Imprimir Resumo


Simpósio Mundial de Estudos de Língua Portuguesa
Resumo


Reinscrições de corpo em arquivo: o testemunho nos des-limites da memória

Autores:
Aline Fernandes de Azevedo Bocchi (UNIFRAN - Universidade de Franca)

Resumo:

O silenciamento da violência obstétrica constitui um elemento estruturante da sociedade brasileira contemporânea. Embora seja objeto de discussão por grupos de militância, trata-se de uma forma de violência de gênero que permanece, em larga medida, socialmente desconhecida, in-significada, de-significada: está fora da memória, em uma margem que aprisiona, demarcando sentidos que não foram trabalhados, metaforizados, transferidos.

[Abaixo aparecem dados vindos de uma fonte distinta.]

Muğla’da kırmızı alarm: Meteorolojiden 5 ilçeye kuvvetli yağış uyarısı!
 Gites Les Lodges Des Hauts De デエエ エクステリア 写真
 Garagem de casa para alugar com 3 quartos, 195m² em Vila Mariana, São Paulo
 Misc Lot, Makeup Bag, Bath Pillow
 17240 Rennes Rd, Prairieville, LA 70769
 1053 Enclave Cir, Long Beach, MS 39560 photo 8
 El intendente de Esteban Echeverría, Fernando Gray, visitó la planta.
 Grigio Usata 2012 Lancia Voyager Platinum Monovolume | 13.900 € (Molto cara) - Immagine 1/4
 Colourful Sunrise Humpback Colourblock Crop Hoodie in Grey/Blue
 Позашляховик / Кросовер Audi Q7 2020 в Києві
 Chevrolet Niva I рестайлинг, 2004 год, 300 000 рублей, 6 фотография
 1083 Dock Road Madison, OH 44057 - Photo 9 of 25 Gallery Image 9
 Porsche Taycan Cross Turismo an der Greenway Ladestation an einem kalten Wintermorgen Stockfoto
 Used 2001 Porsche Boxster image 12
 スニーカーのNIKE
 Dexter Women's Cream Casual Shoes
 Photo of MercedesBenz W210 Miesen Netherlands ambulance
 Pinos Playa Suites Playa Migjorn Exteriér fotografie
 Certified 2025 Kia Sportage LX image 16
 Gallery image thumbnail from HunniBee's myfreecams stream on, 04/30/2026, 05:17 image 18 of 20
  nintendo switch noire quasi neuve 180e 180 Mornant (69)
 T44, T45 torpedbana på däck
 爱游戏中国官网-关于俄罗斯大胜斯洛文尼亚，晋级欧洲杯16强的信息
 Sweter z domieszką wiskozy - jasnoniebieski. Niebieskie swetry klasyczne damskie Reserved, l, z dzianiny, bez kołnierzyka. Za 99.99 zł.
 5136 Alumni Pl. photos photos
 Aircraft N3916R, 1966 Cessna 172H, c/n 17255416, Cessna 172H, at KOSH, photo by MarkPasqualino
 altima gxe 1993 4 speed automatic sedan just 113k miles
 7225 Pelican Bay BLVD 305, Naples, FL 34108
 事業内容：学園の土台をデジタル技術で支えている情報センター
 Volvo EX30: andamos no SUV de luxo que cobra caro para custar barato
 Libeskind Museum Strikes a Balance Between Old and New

Conforme Orlandi (2007), sentidos in-significados são sentidos excluídos, silenciados, pois impedidos em sua significação: “não foram trabalhados socialmente, de modo a que pudéssemos nos identificar em nossas posições” (p. 66). Entretanto, “o que foi cesurado não desaparece de todo” (p. 67): ficam seus vestígios. Na trilha desses vestígios, encontrei no testemunho um objeto teórico-analítico potente de apreensão da enunciação feminina em face da violência, capaz de trabalhar nos des-limites dessa memória in-significada. Partindo de uma recolha de narrativas de mulheres que vivenciaram a violência em seus partos, o presente texto busca analisar os sentidos que, nesses testemunhos, constituem uma memória de violência corporalmente inscrita. Em se tratando da violência obstétrica infringida à mulher negra, há furos, buracos na memória em que a falta funciona, por interdição: silenciadas, essas narrativas não encontram lugar para legitimar os sentidos de suas dores, seus sofrimentos, suas vivências traumáticas. Constituídos na intersecção entre racismo, sexismo e classe social, são testemunhos que suportam a indiferença à tortura e ao horror, que padecem de reconhecimento, pois não entram no campo do reconhecível e do apreensível: os “enquadramentos seletivos e diferenciados da violência”, segundo Butler (2009), apreendem determinadas vidas como não vivíveis e, portanto, menos passíveis de luto. Situo, então, o testemunho como lócus privilegiado na compreensão de processos de reinscrições de sujeitos em face da violência: no esforço por enunciar o trauma, o testemunho funciona como prática de si que possibilita reinscrever narrativas de parto, deslocando posições subjetivas.